_Task objective_:
Omit the images, then output each of the records below exactly.

━━━ Supplied records

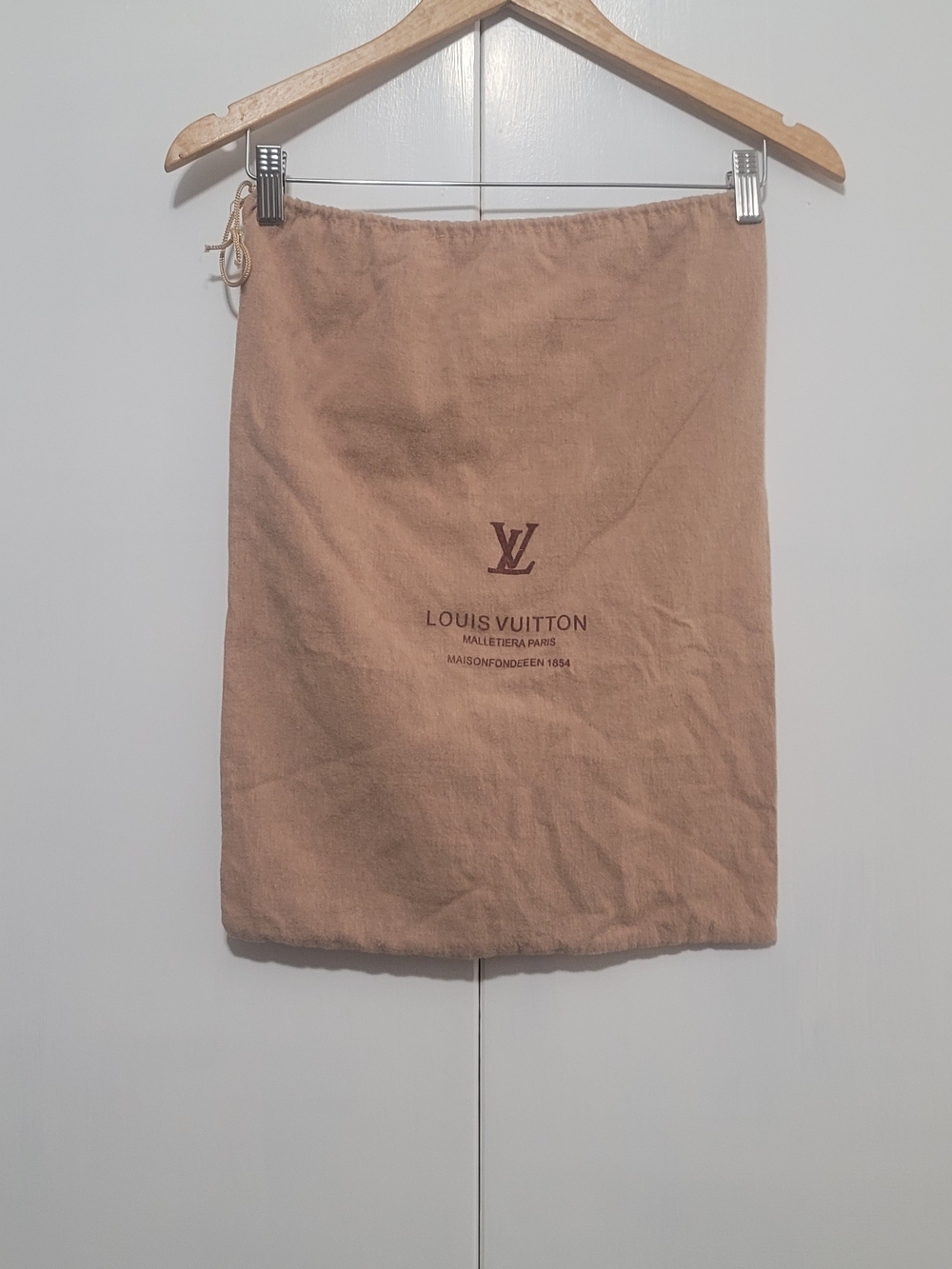 Louis Vuitton Neutral Tan Dust Bag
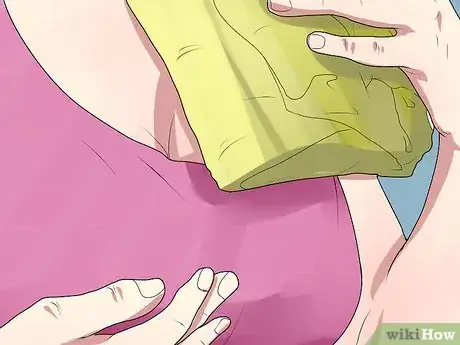 Step 2 如果乳房变得柔软，可以用热敷。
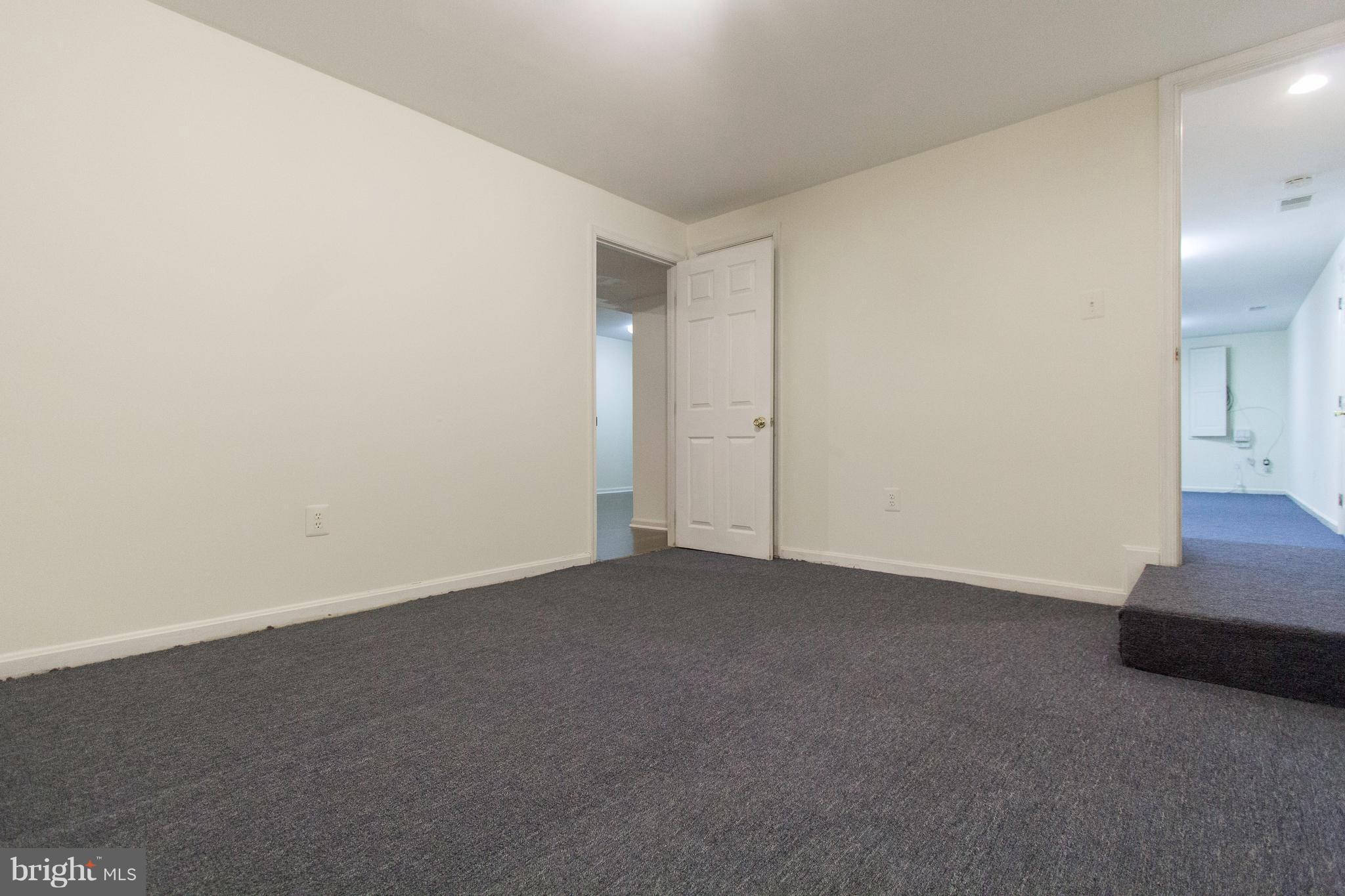 NORTH SHERWOOD FOREST - Residential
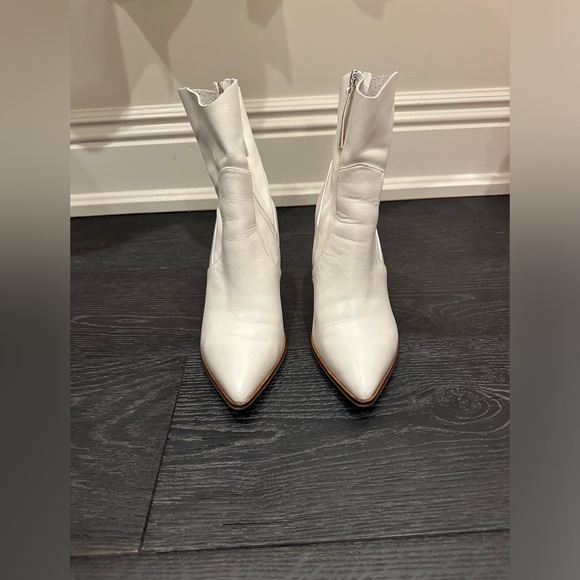 Steve Madden Shoes - Steve Madden Short White Pointed Toe Boots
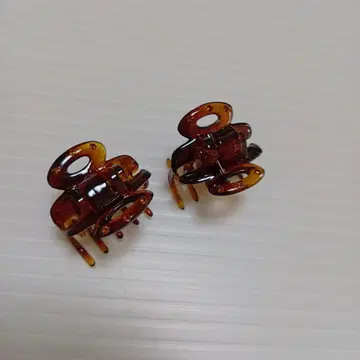 Complex Biz 돔 돌이 달린 클립 2개 미사용 새상품
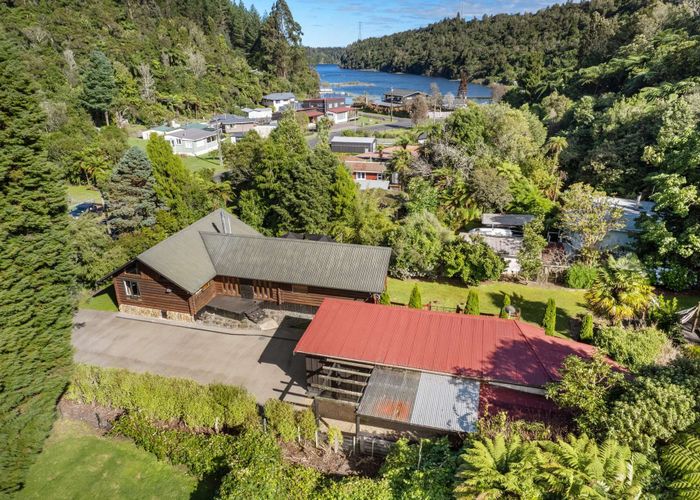 For sale 16 Tombleson Road, Lake Rotoma, Rotorua, Bay Of Plenty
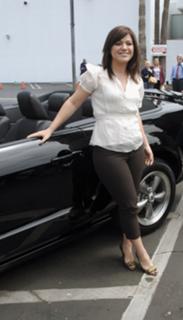 Kelly Clarkson feet photo thumbnail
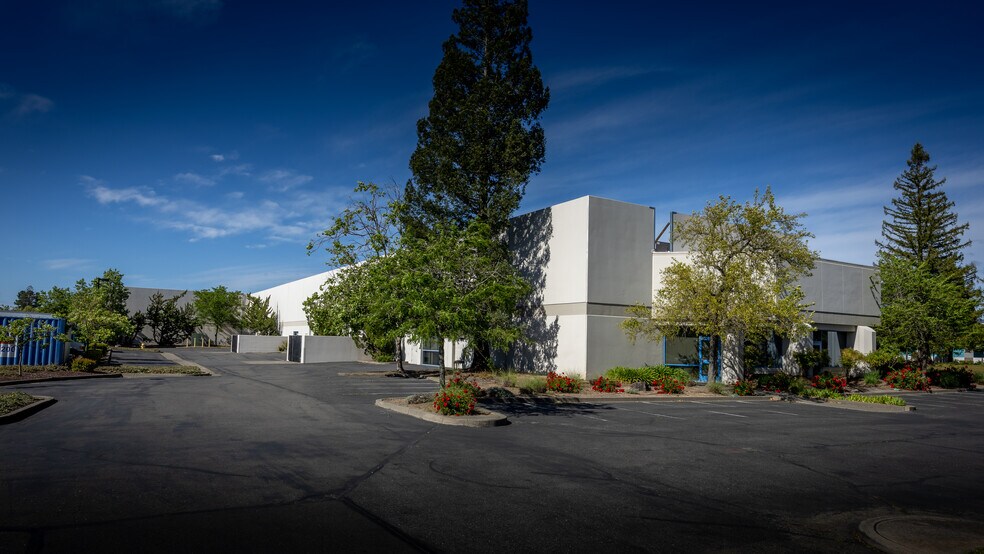 3601-3645 Westwind Blvd, Santa Rosa, CA for lease - Building Photo - Image 3 of 15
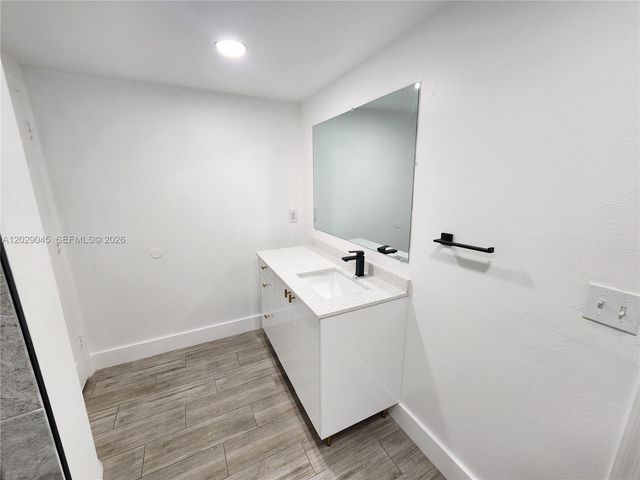 215 SW 117th Terrace 14101, Pembroke Pines, FL 33025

━━━━━━

_Answer section_:
 Louis Vuitton Neutral Tan Dust Bag
 Step 2 如果乳房变得柔软，可以用热敷。
 NORTH SHERWOOD FOREST - Residential
 Steve Madden Shoes - Steve Madden Short White Pointed Toe Boots
 Complex Biz 돔 돌이 달린 클립 2개 미사용 새상품
 For sale 16 Tombleson Road, Lake Rotoma, Rotorua, Bay Of Plenty
 Kelly Clarkson feet photo thumbnail
 3601-3645 Westwind Blvd, Santa Rosa, CA for lease - Building Photo - Image 3 of 15
 215 SW 117th Terrace 14101, Pembroke Pines, FL 33025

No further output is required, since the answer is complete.